NEW YORK — As the “Mary Poppins” tune goes, “a sweep is as lucky as lucky can be.” But in Tony terms, a more democratic distribution of kudos can be even luckier for Broadway.
An awards cleanup on the order of “The Producers” or “Hairspray” can help consolidate a hit into a bona fide behemoth. But the generous spread of prizes across all four musicals, which occurred at the June 5 ceremony, can extend the box office boost beyond just one or two shows.
As Tony recipients were still recovering from the partying the morning after the awards, the spinners were spinning more than usual: They estimated the winner of best musical, “Monty Python’s Spamalot,” would jump to an advance of $29 million, up by $2 million over the previous weekend. “The 25th Annual Putnam County Spelling Bee” would sell $200,000 in tix on June 6.
And, not to be outdone, reps from “The Light in the Piazza” and “Dirty Rotten Scoundrels” announced that each of their shows would wrap $300,000 before the day was out.
Such post-Tony jubilation has proved unreliable in the past, with publicists tending to inflate the awards’ impact before more exhaustive figures are available. But, in this case, they were right. Given that all four shows were spring openers and all had been doing steady to strong business in the Tony run-up, the liberal distribution of prizes stands to goose summer sales to a far wider extent than years past.

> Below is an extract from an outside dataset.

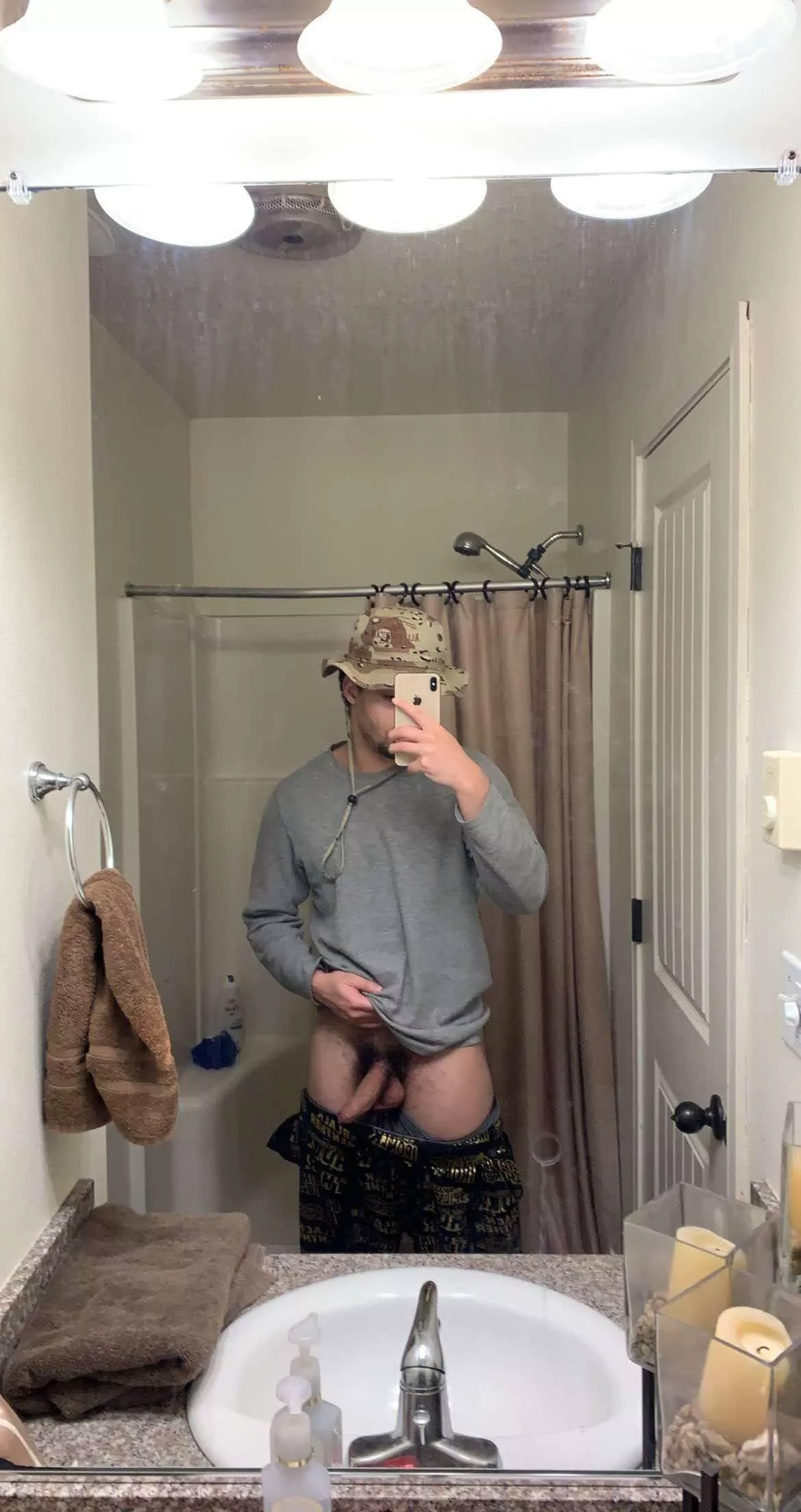 Who wants to cum fishing w me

In the immediate wake of the ceremony, one thing was abundantly clear: None of the four nominated new musicals was going to post a closing June 7. And for Broadway, that is definitely news.
John Lithgow won the Tony in 2002, only to see “Sweet Smell of Success” post its closing notice two days later. In recent years, “The Wild Party,” “A Class Act,” “Jane Eyre” and “A Year With Frog and Toad” all folded their respective tents a week after the awards.
This June is different.
“The awards were spread out,” says Drew Hodges of marketing agency SpotCo, which handles a number of Broadway shows. “Everyone seemed to benefit.”

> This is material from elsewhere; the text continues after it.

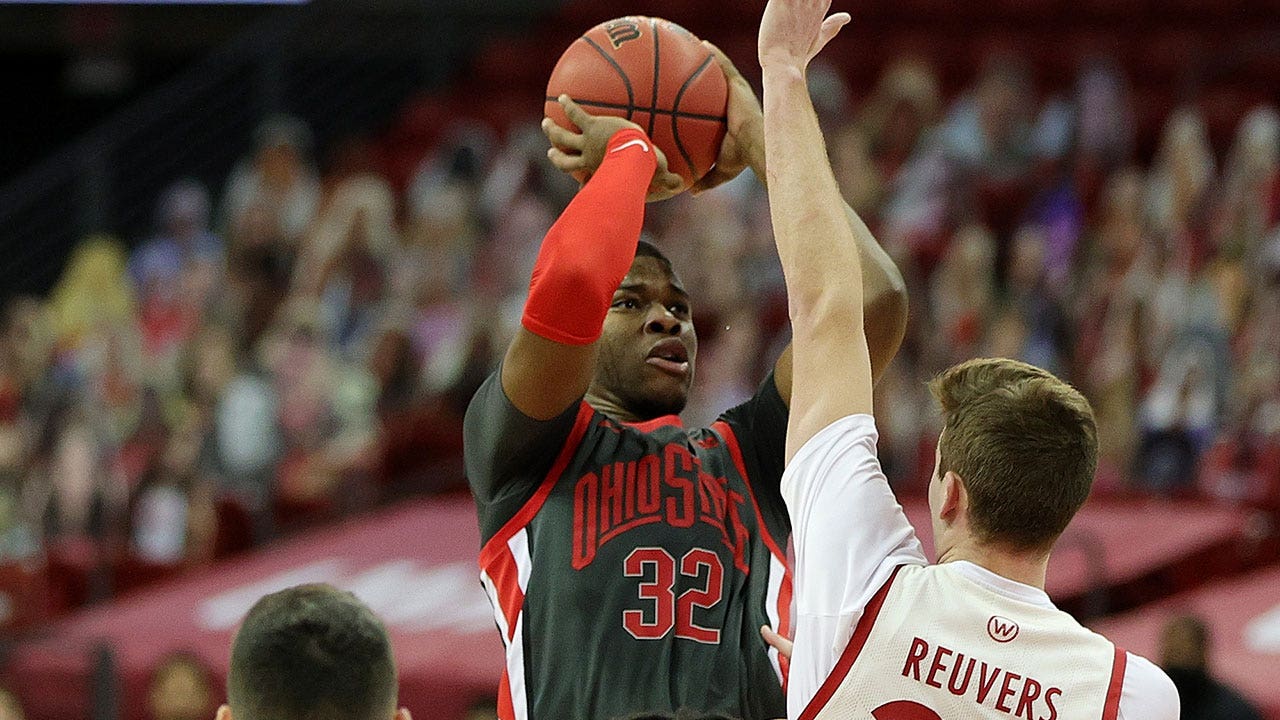 EJ Liddell scores 20 as No. 15 Ohio State tops No. 10 Wisconsin, 74-62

However, as Hodges is quick to point out, “We have a lot of shows doing well. They were not in a vulnerable position going into the awards.” And that includes the Tony-winning plays “Doubt,” “The Pillowman” and “Glengarry Glen Ross.”

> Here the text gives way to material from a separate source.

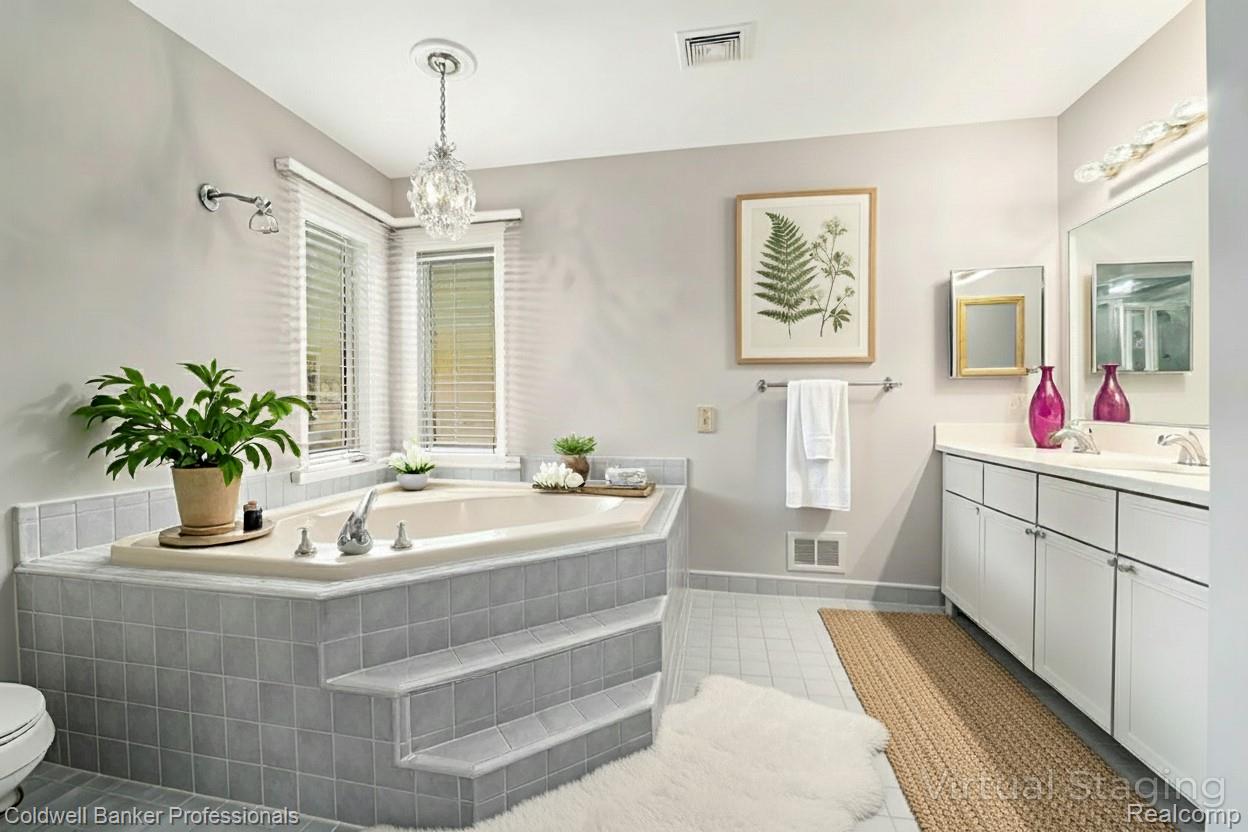 ShelbyTwp, Michigan, 48315, United States, 3 Bedrooms Bedrooms, ,4 BathroomsBathrooms,Residential,For Sale,1967840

Even after the Tony noms were announced May 10, only two shows posted closings: “Little Women” and “Brooklyn.” Often there are half a dozen, as well as one show that comes down with the Tony curse.
“In the past, there has been one show that hung on because it receives a number of Tony nominations,” says marketing guru Nancy Coyne. “There is a false sense of hope that a speech or a performance or a win on the telecast will make a difference.” Of course, it rarely does.
In the end, the current box office resilience says much more about the strength of the spring season than the publicity power of the Tony telecast, which drew only a modest 6.6 million viewers for CBS, only marginally up from last year’s record low of 6.5 million.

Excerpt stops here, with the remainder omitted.